El fundamento se basa en la descarga de energía de alto voltaje y bajo amperaje que reciben los animales, lo que les produce un fuerte dolor, como resultado de una enérgica contracción muscular de la zona donde se lo aplica, para estimular el movimiento.
“Es necesario aclarar que el uso indiscriminado de la picana, producto del dolor y del miedo consecuente que genera, induce conductas que se manifiestan en animales intranquilos, difíciles de manejar, más aún, si el mal hábito se implementa desde edad temprana”, destacaron los médicos veterinarios.
Por otro lado, indicaron que la aplicación prolongada del inductor sobre la musculatura, genera lesiones en la estructura de los capilares sanguíneos, que, por su ruptura, producto de la intensa contracción, causan micro hemorragias, que se manifiestan como pequeños hematomas dentro de las fibras musculares.

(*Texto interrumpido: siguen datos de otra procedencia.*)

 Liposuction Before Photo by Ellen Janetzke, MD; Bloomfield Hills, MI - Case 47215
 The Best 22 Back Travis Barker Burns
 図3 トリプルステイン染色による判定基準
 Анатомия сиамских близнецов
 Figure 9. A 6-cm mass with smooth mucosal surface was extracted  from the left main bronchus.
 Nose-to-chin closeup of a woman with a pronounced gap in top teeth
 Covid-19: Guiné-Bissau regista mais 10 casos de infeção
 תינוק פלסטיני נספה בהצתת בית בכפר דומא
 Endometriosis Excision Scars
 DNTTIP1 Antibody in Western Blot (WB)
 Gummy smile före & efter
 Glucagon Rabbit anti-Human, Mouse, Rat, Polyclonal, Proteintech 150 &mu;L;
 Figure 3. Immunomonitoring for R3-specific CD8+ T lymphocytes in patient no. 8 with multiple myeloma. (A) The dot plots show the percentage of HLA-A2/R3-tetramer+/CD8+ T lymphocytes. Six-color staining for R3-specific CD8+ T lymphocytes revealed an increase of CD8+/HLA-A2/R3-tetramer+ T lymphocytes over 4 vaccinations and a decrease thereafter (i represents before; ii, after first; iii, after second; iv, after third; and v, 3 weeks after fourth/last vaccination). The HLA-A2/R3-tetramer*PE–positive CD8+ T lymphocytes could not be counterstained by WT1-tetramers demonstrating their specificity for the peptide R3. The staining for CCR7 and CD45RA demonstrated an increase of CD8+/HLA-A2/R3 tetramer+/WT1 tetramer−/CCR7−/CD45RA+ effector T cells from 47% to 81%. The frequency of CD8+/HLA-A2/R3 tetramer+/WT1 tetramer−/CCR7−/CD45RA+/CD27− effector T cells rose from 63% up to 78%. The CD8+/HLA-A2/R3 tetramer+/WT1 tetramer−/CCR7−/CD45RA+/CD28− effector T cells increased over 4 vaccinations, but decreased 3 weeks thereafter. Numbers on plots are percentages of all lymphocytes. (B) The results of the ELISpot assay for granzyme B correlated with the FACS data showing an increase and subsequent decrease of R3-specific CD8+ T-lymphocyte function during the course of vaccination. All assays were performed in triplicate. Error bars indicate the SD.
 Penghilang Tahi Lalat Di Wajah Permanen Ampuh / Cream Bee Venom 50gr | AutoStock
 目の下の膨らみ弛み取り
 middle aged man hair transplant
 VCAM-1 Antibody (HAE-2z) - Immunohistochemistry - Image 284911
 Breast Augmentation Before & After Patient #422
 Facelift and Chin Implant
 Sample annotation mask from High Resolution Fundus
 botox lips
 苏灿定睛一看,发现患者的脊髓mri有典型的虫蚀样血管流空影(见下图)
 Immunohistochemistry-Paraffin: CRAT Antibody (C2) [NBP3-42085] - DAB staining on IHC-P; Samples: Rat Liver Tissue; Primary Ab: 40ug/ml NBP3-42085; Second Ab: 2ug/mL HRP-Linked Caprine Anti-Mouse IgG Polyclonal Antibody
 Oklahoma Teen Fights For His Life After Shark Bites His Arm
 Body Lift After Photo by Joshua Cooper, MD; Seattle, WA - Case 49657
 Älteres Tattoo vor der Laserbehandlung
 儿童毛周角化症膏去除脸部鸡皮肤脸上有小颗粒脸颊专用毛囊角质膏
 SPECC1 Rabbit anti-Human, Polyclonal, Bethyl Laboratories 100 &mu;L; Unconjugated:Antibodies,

“Esto, en animales terminados, cuando reciben descargas eléctricas en aquellas masas musculares que guardan los cortes de mayor calidad y valor económico, como lomo (longissimus dorsi) y cuartos traseros, antes de ir a faena, provoca decomisos, por la inaptitud de la carne para su posterior procesamiento y consumo”, destacaron los responsables del área Producción y Sanidad Animal EEA INTA Anguil.
Además, manifestaron que los animales representan el capital de la empresa ganadera y que “muchas de las prácticas de malos tratos a los que se los somete, son tomadas como normales, tanto por el personal de campo, como por aquellas personas responsables de la gestión, quienes por tolerancia o muchas veces por desconocimiento, lo permiten”.
Por último, especificaron que las consecuencias del mal trato, por lo general, pasan desapercibidas, porque no se ven, las tapa el cuero. Sin embargo, es necesario tener en cuenta que el inductor electrónico del movimiento debe mantenerse siempre guardado en un lugar seguro y a buen recaudo, fuera del alcance del personal.
“Solo debe emplearse en contadas oportunidades, en aquellas ocasiones en las que amerite su uso, aplicándolo brevemente, a la altura de los garrones, para después volver a restituirlo a su lugar”, concluyeron los profesionales.